Huccetullah Muhammed Nakşibend, İmâm-ı Rabbânî hazretlerinin torunu ve
Muhammed Ma'sûm Fârûkî hazretlerinin ikinci oğludur. 1624 (H.1034) senesinde
dedesi İmâm-ı Rabbânî hazretlerinin vefât ettiği yıl doğdu. O doğacağına yakın
babası Muhammed Ma'sûm'a, İmâm-ı Rabbânî hazretleri; "Bu yakınlarda
doğacak oğlun, yüksek mârifetlere ve sırlara kavuşacak, zamânının anlamaktan
âciz kalacakları bir insân-ı kâmil olacaktır" buyurdu. Ona Şâh-ı Nakşibend
Muhammed Behâeddîn-i Buhârî hazretlerinin ismini verdiler.

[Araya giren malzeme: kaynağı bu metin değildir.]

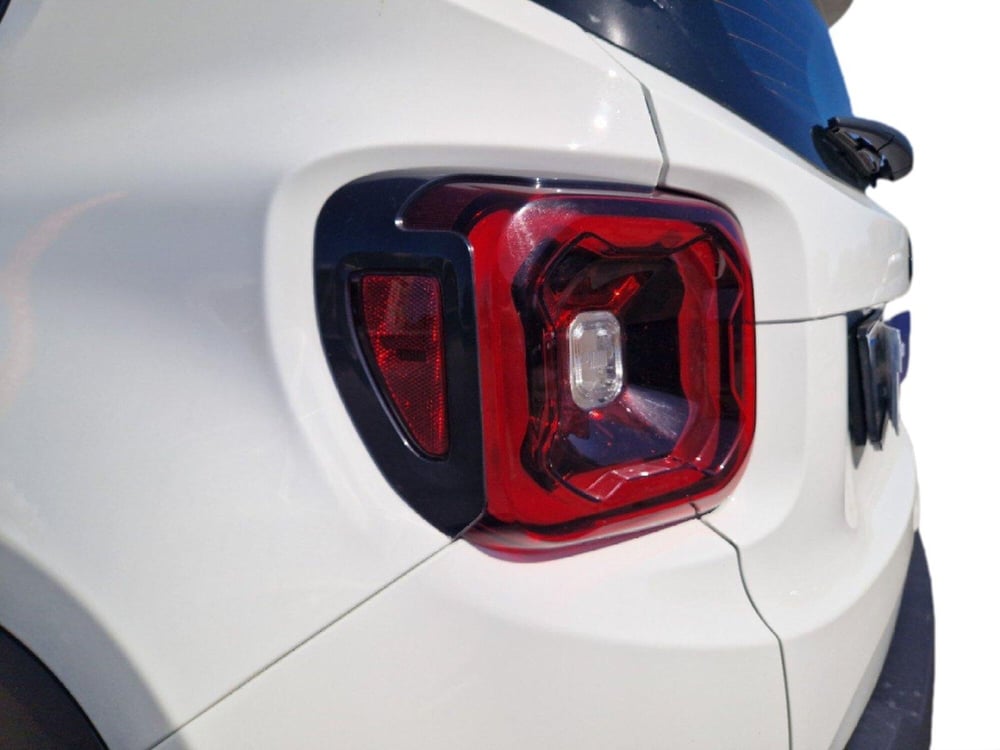 Jeep Renegade usata a Frosinone (9)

Muhammed Nakşibend hazretleri, sağlığında zamânın devlet reislerine,
beylere, vâlilere, âlimlere ve sâlihlere nasîhat eder, uzakta olanlarına ise
mektuplar yazarak dînin emirlerini bildirirdi. Bunlar iki cild hâlinde
toplanmıştır. Birinci cildde yüz yirmi sekiz, ikinci cildde altmış sekiz mektup
vardır. Mektuplarından birinde buyurdular ki:
"Allahü teâlâya hamd olsun. Seçtiği kullara selâm olsun. Mektubunuzla
şereflendik. İkrâmlarınız da geldi. Duâ etmemize sebep oldu. Hadîs-i
şerîfte; (Duâ kapılarının kendisine açıldığı kimseye [yâni duâ
nasip olan kimseye] kabûl kapıları ve Cennet, yâhut rahmet
kapıları da açılır) buyuruldu. O hâlde duâda kusur etmemelidir. Kapalı
kapıları duâ anahtarı ile açmalıdır. İhtiyaçlarını Allahü teâlâdan yalvararak
ve O'na sığınarak istemeli, âhiret kurtuluşunu onlarda görmelidir. Hadîs-i
şerîfte buyruldu ki: (Duâ müminin silâhıdır, dînin direğidir. Göklerin ve
yerin nûrudur. Her şeyi Hak teâlâdan istemelidir. Ayakkabının bağı, yemeğin
tuzu bile olsa.)
Duânın kabûl olması için olan şart ve edepler: Yemekte ve giymekte haramdan
sakınmak, Allah'a karşı ihlâslı olmak. Duâdan önce namaz veya benzeri sâlih bir
amel işlemek, abdestli olmak, temiz olmak, kıbleye karşı diz çöküp oturmak, duâ
ederken Allahü teâlâya hamdü senâ etmek, Resûlullah efendimize salevât-ı şerîfe
getirmek, iki elini uzatıp, omuzları hizâsına kaldırmak, elinde eldiven
olmamak, isterken Allahü teâlânın isimleri ve sıfatları ile istemek, meselâ; yâ
Rabb-el-âlemîn, yâ Ekrem-el-ekremîn, yâ Erhamerrâhimîn... gibi. Avuç içleri açık
olmak, edeb üzere bulunmak, hudû' ve huşû' hâlinde olmak. Kendini eksik,
kusurlu, zavallı ve kırık bilmektir.
Duânın kabûl zamanları ise; Kadr gecesi, Arefe günü, Ramazân-ı şerîf ayı,
Cumâ günü, gecenin ilk üçte biri, gece yarısından sonra, gecenin son üçte biri,
gecenin ortası ve seher vakitleridir. Bunlardan en önemlisi cumâ saatidir.